- [REQUIRED ACTION] I'd like the entire listing output verbatim, apart from the pictures.

- [INFORMATION SHOWN]
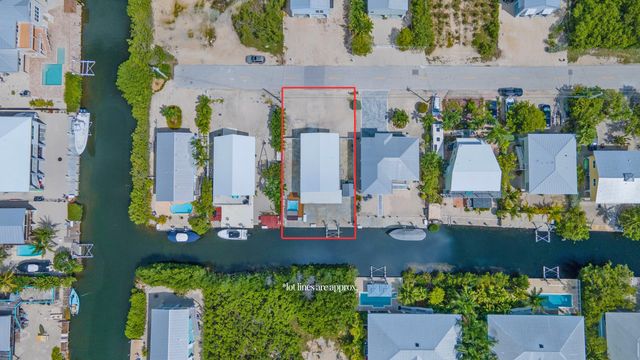 27332 St Martin Lane, Ramrod Key, FL 33042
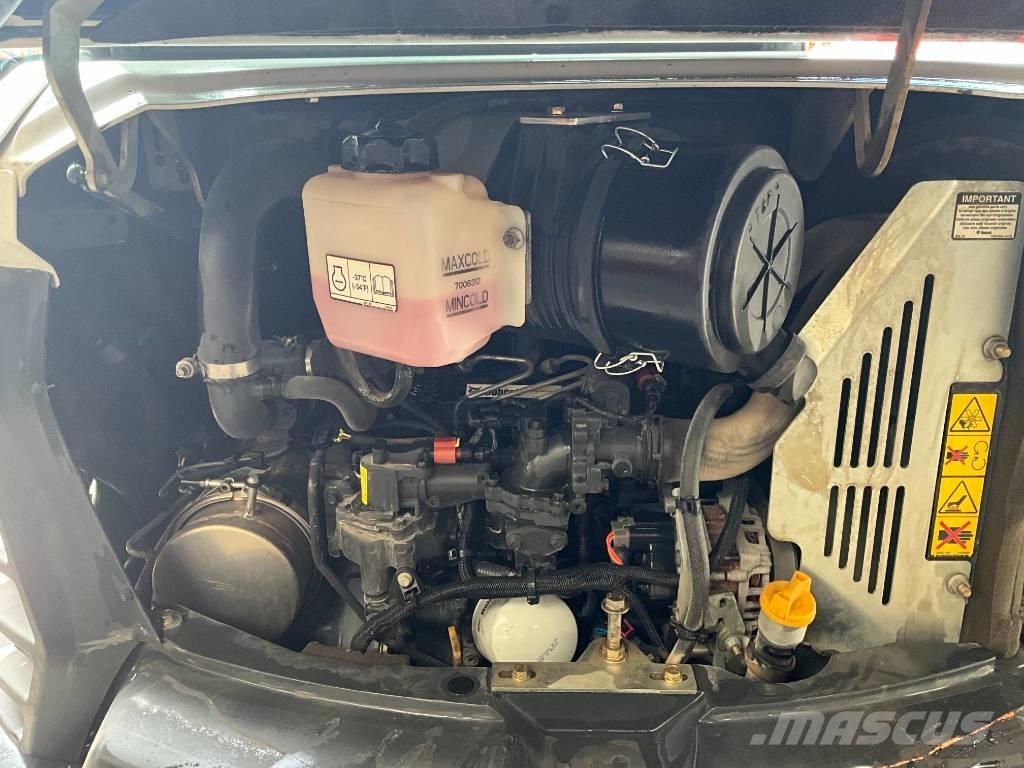 Bobcat E 50z Mini kotrók < 7t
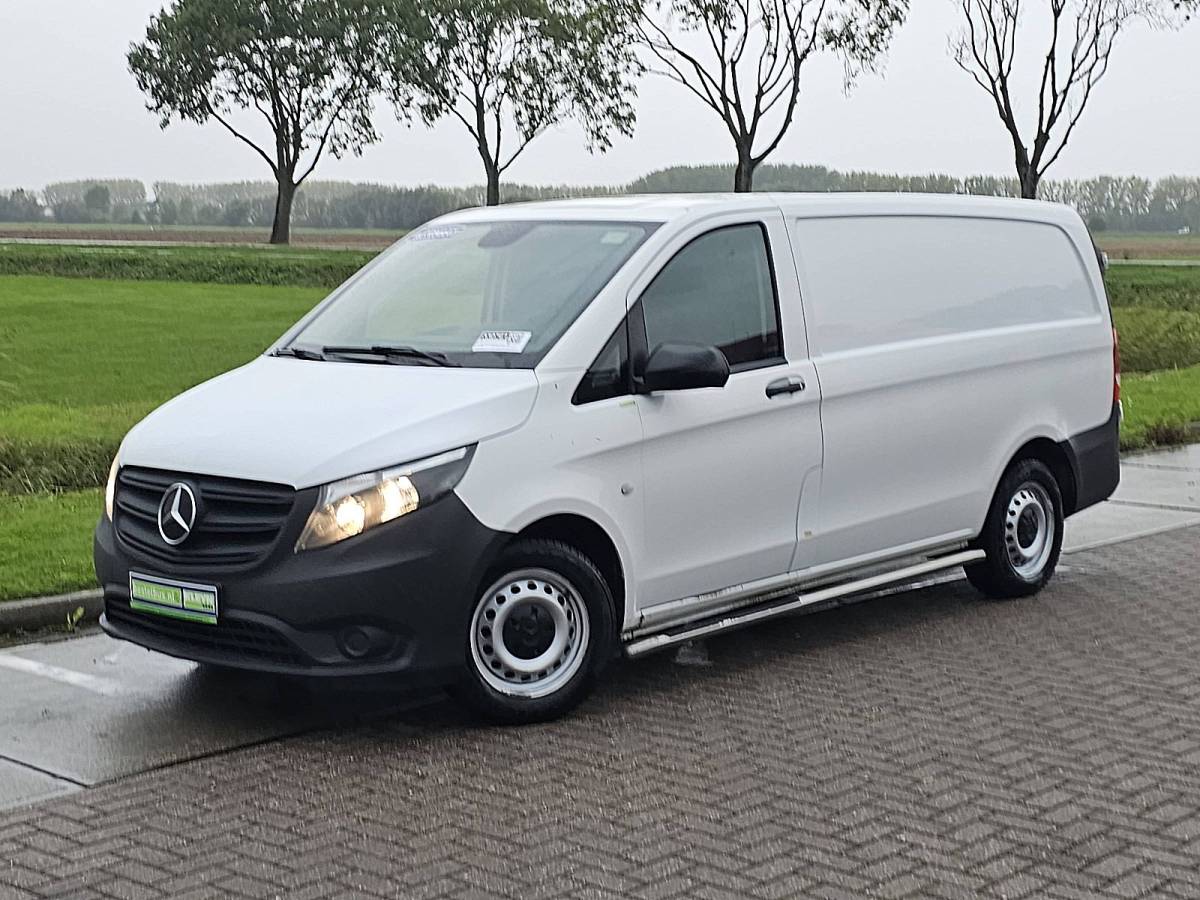 Mercedes-Benz Vito MERCEDES-BENZ VITO 114 l2 automaat trekhaak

- [OUTPUT]
 27332 St Martin Lane, Ramrod Key, FL 33042
 Bobcat E 50z Mini kotrók < 7t
 Mercedes-Benz Vito MERCEDES-BENZ VITO 114 l2 automaat trekhaak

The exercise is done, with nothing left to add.